David Cronenberg est un habitué de Cannes : Prix du jury en 1996 pour « Crash » et président du jury en 1999, il est venu cette année présenter « Les crimes du futur ». A l’instar de la Française Julia Ducournau, Palme d’Or l’an passé avec « Titane » et qui reconnaît volontiers avoir puisé l’inspiration de ses films dans le cinéma de Cronenberg, « Les crimes du futur » parle de transformation des corps.
On y suit un artiste performer, Vigo Mortensen, qui avec la complicité de sa partenaire, Léa Seydoux, met en scène la métamorphose de ses organes dans des spectacles d’avant-garde. Et le réalisateur de « La Mouche » d’imaginer que demain l’être humain procréera en lui-même de nouveaux organes qui seront répertoriés dans une banque de données qui pourrait profiter à toute l’humanité.
Pour ce faire, il tatoue les nouveaux organes dans le corps de leurs porteurs et va même jusqu’à imaginer l’organisation d’un concours de beauté de l’intérieur des corps !

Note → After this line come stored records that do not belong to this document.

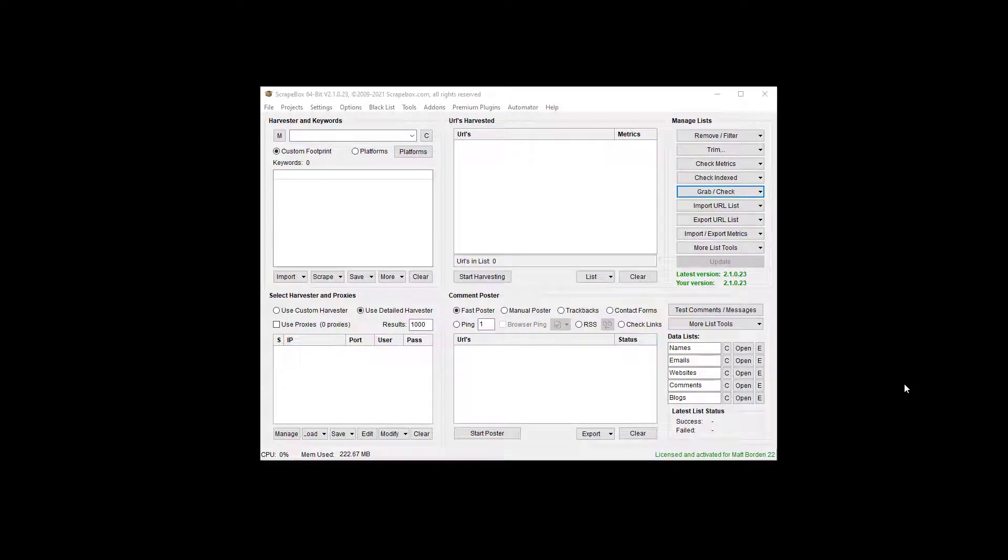Hello, this is Ryan Matt Borden, aka LoopLine, and in this video I'm going to show you how to extract or grab emails from a local file.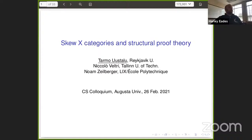All right, so thanks everybody for coming to, I think, the fourth colloquium now this semester. And today, we're very lucky to have Dr. Tormor Ustalou,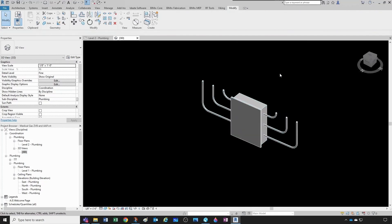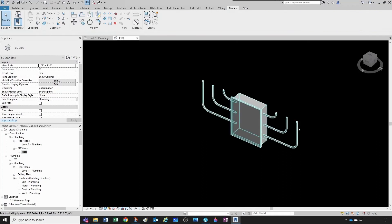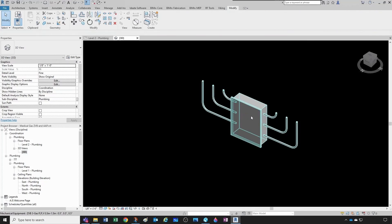For example, for medical air the outlets are on the right and the compressor is on the left. For oxygen, the outlets — medical booms, head walls — are on the right, and the oxygen farm or tanks are on the left. For vacuum, the medical outlets are on the right and the vacuum pump is on the left. The only thing that changes is the direction of flow: pressure pipes flow from source through the valve box to the outlets, while vacuum flow reverses — coming from the outlets through the valve box to the vacuum pump.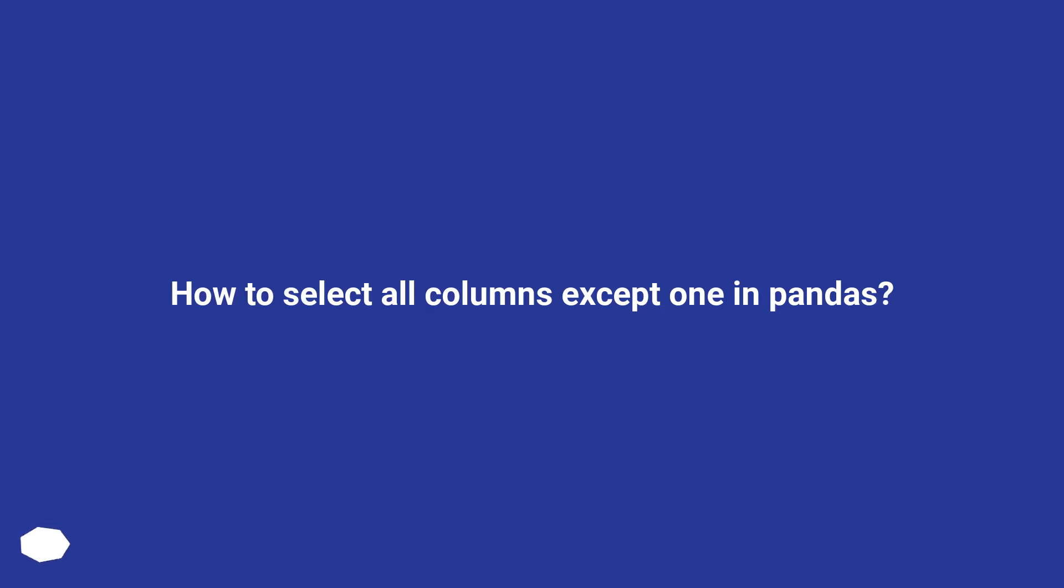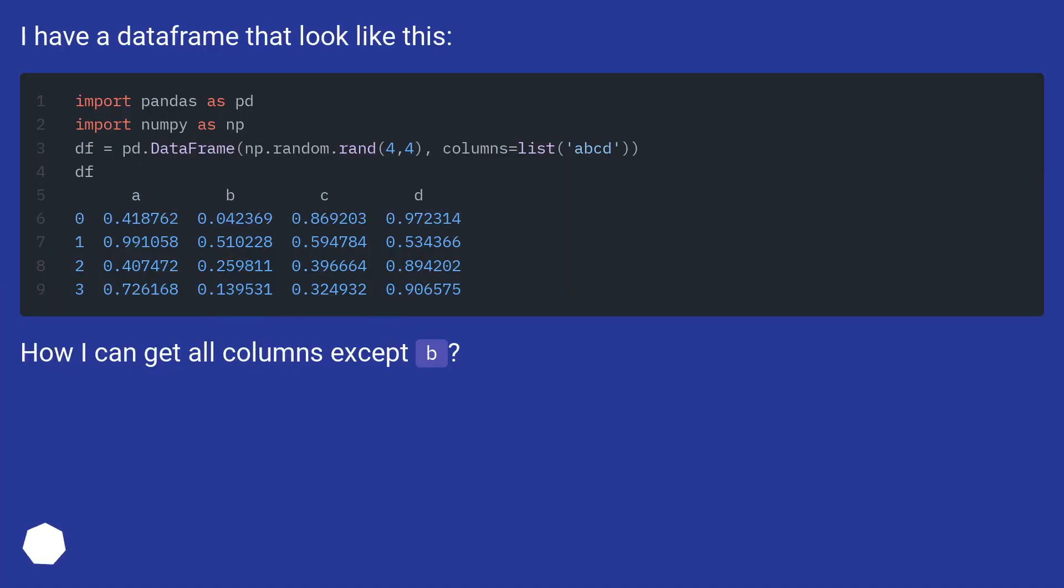How to select all columns except one in pandas? I have a data frame that looks like this. How can I get all columns except b?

En sortant de la projection, on n’hésite entre folie pure et science-fiction d’un futur peut-être pas si éloigné que ça, allez savoir. Alors, on court assister à la conférence de presse du film, espérant y trouver une réponse ou une explication du maître qui poursuit ici son exploration de ses fantasmes.

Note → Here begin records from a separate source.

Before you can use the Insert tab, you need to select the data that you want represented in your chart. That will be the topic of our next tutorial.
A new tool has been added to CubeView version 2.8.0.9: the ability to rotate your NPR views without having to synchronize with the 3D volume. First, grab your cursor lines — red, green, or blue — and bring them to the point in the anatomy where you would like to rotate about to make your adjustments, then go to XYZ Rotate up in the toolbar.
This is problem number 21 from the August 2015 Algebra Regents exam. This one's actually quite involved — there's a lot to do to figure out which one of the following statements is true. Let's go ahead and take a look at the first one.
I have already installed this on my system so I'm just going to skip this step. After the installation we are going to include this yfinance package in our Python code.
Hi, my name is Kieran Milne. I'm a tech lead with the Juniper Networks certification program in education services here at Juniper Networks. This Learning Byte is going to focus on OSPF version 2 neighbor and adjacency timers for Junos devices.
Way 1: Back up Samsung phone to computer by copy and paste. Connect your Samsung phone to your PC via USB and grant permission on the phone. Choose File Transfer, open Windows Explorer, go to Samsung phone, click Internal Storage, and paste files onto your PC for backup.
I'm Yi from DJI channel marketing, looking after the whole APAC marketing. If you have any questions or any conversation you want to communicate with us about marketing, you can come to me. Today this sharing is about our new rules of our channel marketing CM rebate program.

« Chacun de mes films est une entité indépendante des autres, explique le cinéaste canadien. Y a-t-il des liens entre eux ? Je ne le pense pas mais peut-être qu’il y en a. Quand j’écris un scénario, j’ai oublié ce que j’avais déjà écrit avant. Je me concentre sur mon projet du moment et je prends beaucoup de soin à choisir mes acteurs ».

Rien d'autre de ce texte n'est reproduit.